Why the Citizendium Will (Probably) Succeed
I’ve recently posted an essay, “Why the Citizendium Will (Probably) Succeed.”
From the first two paragraphs:
The Citizendium pilot project wiki got under way privately at the start of last November. In the intervening months, we have steadily grown to some 1,100 “CZ Live” articles — that’s approximately how many articles we have done significant work on. A fairly large percentage of these, I believe well over half, are either original articles or have been significantly changed from Wikipedia sources. We have steadily added authors and editors in this period, so that we have 820 authors and 180 editors (some of whom also have listed themselves as authors). Our activity has grown from 100 edits per day in the first month to over 500 prior to launch. Every day, a large variety of people from many fields sign on and do some work. This is all in a period in which the project has been visible only to those who have applied to the project. In addition, while it has received a fair bit of press, we have done very little in the way of recruitment — but with good results when we have. More aggressive recruitment is our trump card, which we haven’t played.
…the progress report shows merely that the fundamentals of the project are sound, many basic doubts are now dismissible on the basis of solid experience — and little more than that. It shows that that experts can be quite good at wiki-style strong collaboration; that they can work well together with the general public; that a wide variety of people have a substantial desire to work on this sort of project; that a largely collegial and pleasant community can be built on principles of the use of real names and gentle expert guidance; that, so long as we avoid wide-open self-registration as we tried for about three weeks, this sort of project can be free of vandalism. In short, there are no “gotchas” — nothing that makes me think this project can’t work — and quite a bit of good news.
I argue at some length that the Citizendium will enjoy a Google effect and that the latent demand for CZ is sizable and growing. I conclude with replies to a bunch of objections.
The fact that experts can work together has never been in doubt. They work quite well in many projects. Even in Wikipedia you find experts working together on the topics that are dear to them. I met experts on the ICANN conference working on cryptography in en.wikipedia today ..
The difference with Citizendium is the insistence that only “experts” can work together and that with academic credentials you will get much better content. Citizendium has it easy; it is very much in an embryonic stage. Only time will tell if it will scale and if it needs scaling.
Thanks,
GerardM
Comment by GerardM — March 26, 2007 @ 4:45 am
Thanks for the comment, Gerard. Not sure what you mean by “the insistence that only ‘experts’ can work together.” No one at CZ insists on such a thing. We have many non-experts on board, who work with each other and the resident experts too.

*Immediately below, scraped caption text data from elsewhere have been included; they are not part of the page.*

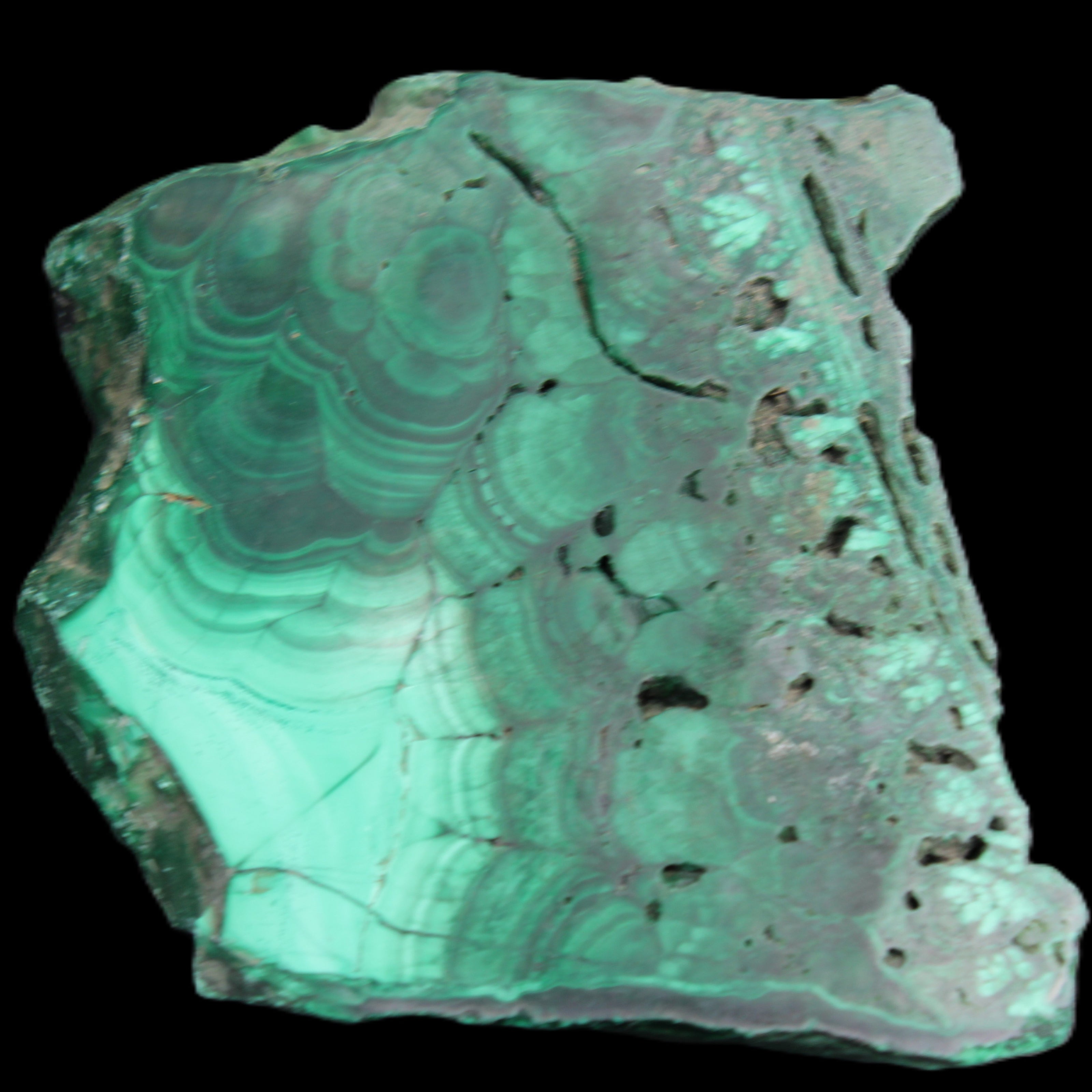 Glossy Malachite specimen 106*74*12mm 298g in sunlight - Rocks and Things Store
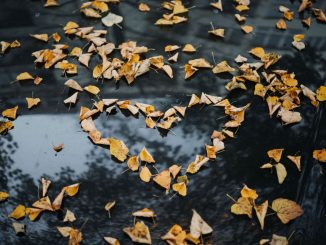 Feuilles brunes en forme de cœur entourées de plusieurs feuilles brunes.
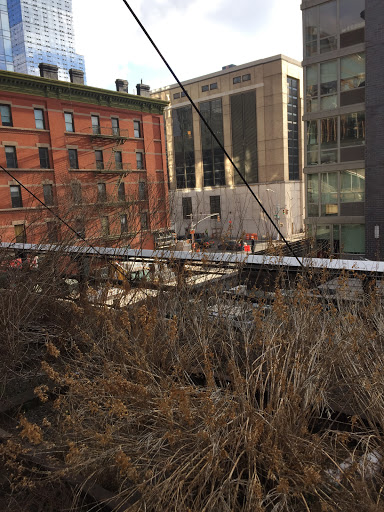 High Line and Chelsea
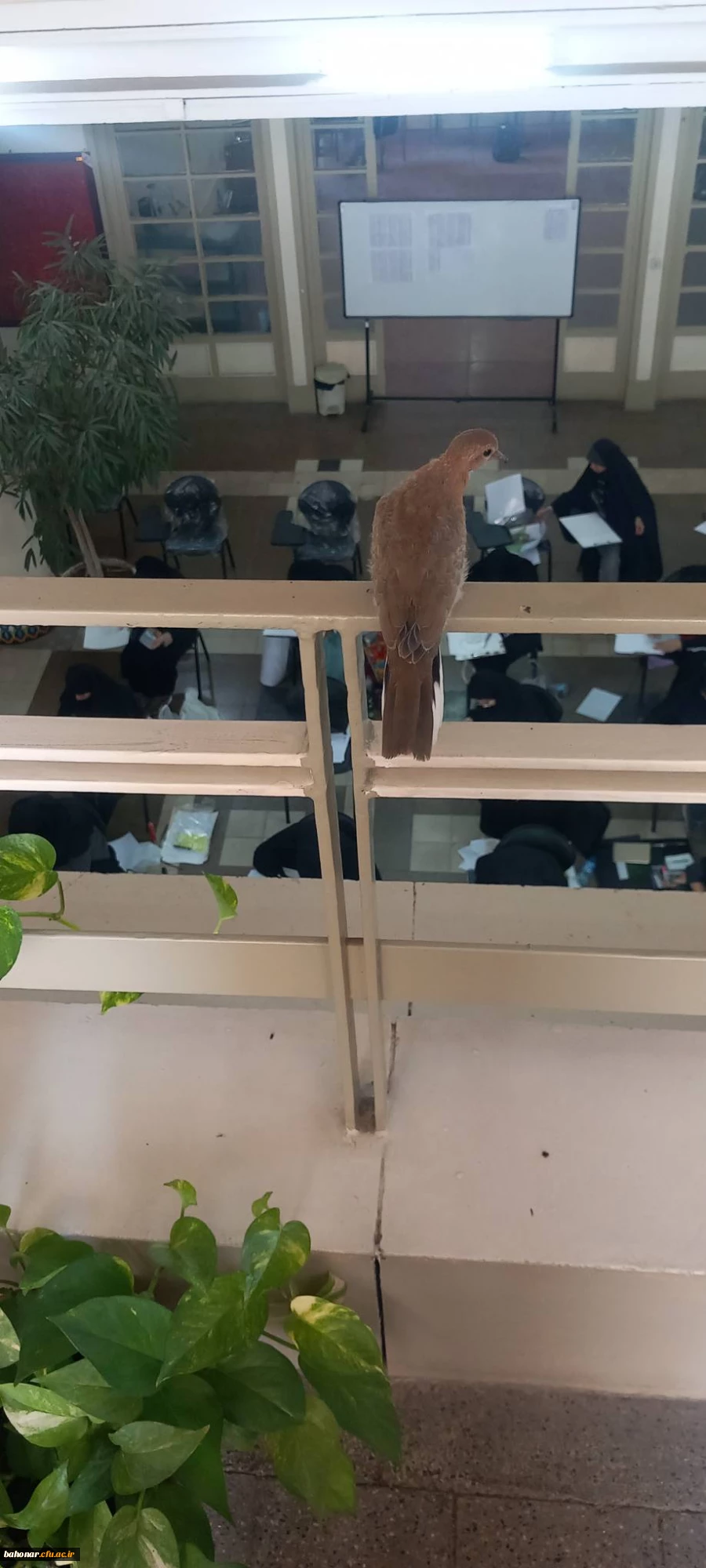 برگزای آزمون عملی رشته هنر دانشگاه فرهنگیان 1403 در مرکز آموزش عالی شهید باهنر 3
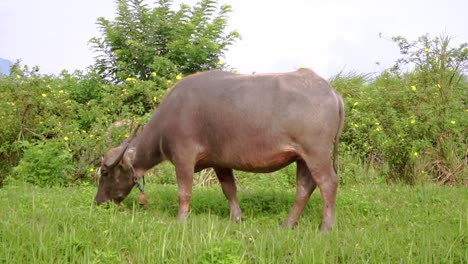 Buffaloes-are-herded-in-the-meadow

Comment by Larry Sanger — March 26, 2007 @ 5:21 am
We’ve been talking about Citizendium over at Highbrid Nation. Personally I use Wikipedia a lot and I don’t see anything knocking it off its top spot. The features that make Citizendium better may just be the features that keep it from having the same sucess as Wikpedia. There can only be one. Who will it be?
Comment by Evorgleb — March 26, 2007 @ 10:20 am
I think that as long as CZ has taken time to craft quality rather than quantity, it will grow better with such a solid foundation. Surely no one can predict whether its current system will succeed, but no one can say it will definitely fail either.
What CZ needs now is time and quality effort, I say.